The federal government has long favoured the manufacturing sector over the natural resource sector in Canada, a fact that becomes all the more apparent in times of crisis. In a new era of trade protectionism, this could spell disaster for the Canadian economy.

The 2008-09 global financial crisis hit Ontario’s auto industry hard, and the Harper and Ontario governments provided $13.7 billion bailout to keep GM and Chrysler afloat — with the feds providing the lion’s share. Bombardier, the aerospace and urban transit company, has received nearly $3.7 billion in subsidies from the federal and Quebecois governments in recent years primarily in an attempt to keep its aerospace division in business.

Despite this government largesse, on Monday GM announced plans to shutter its Oshawa auto plant at the end of 2019, throwing the remaining 2,500 employees out of work — at its height, in the 1980s, GM had roughly 23,000 employees in Oshawa.

At the beginning of the month, Bombardier announced it was planning to lay off 5,000 employees over the next year and a half — the third round of layoffs in three years — and has sold off its turboprop and flight training businesses. This after effectively giving its C Series commercial jetliner program to Airbus for free a year ago, after receiving a $1 billion backstop for the project from the Quebecois government in 2016, and a $372 million interest-free loan from the feds a few months later.

And what does the Canadian natural resource industry get when it’s in crisis? During the 2014-16 global oil price crash and the 2018 western Canadian oil price crash, the federal government has provided our embattled oilpatch with no industry-specific financial support.

Instead of financial assistance for our oil industry, the Trudeau government has flubbed federal regulatory approval of the Trans Mountain expansion, killed two additional crude pipelines to tidewater — Enbridge’s Northern Gateway and TransCanada’s Energy East — while conjuring up the Oil Tanker Moratorium Act and Bill C-69.

Bill C-69 is widely seen as an industry killer, not just for oil and gas but natural resources as a whole. Alberta Senator Doug Black possibly put it best during an interview with BNN Bloomberg on September 6: “Under this proposed legislation, we’re not going to need to worry about the time for projects and the opposition of projects, because we’re hearing from companies that would be natural proponents to develop the Canadian resource industry, simply saying: ‘We’re not even going to apply.’”

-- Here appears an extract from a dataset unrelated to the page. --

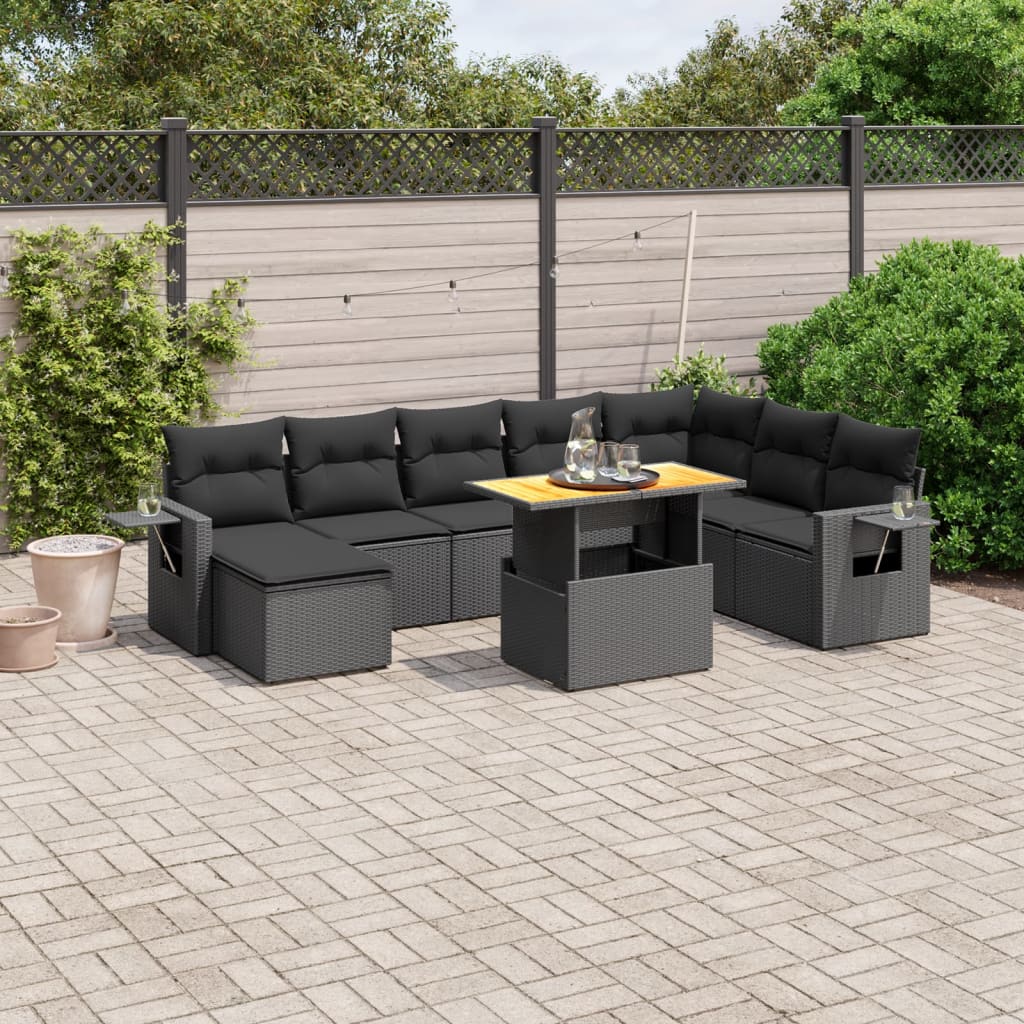 Set Divani da Giardino 9 pz con Cuscini Nero in Polyrattancod mxl 92409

Despite a lack of financial support during times of crisis and discriminatory federal policies, Canada’s natural resource sector — energy, forestry and mining — continues to directly account for five per cent of the country’s employment, roughly 12 per cent of our GDP — two percentage points more than manufacturing, and around half of that involves value-add to our resources — and 38 per cent of non-residential private sector capex.

More importantly, the natural resource sector’s share of Canadian exports has jumped from around a quarter in 2000 to almost a half in 2017, whereas the country’s manufacturing sector has seen a commensurate collapse in its share of exports. Canada’s comparative advantage obviously lies with our abundant natural resources, not manufacturing, just as Argentina’s comparative advantage lay with agriculture back in the 1930s.

In our new age of trade protectionism, it is imperative that the Canadian government learns from Argentina’s past mistakes and adjusts policies to support, or at least not hinder, natural resource development. Fortunately, the target of trade actions tend to be manufactured goods, not natural resources as they are needed as inputs in manufacturing processes, and to move goods and people, playing to our great country’s comparative advantage.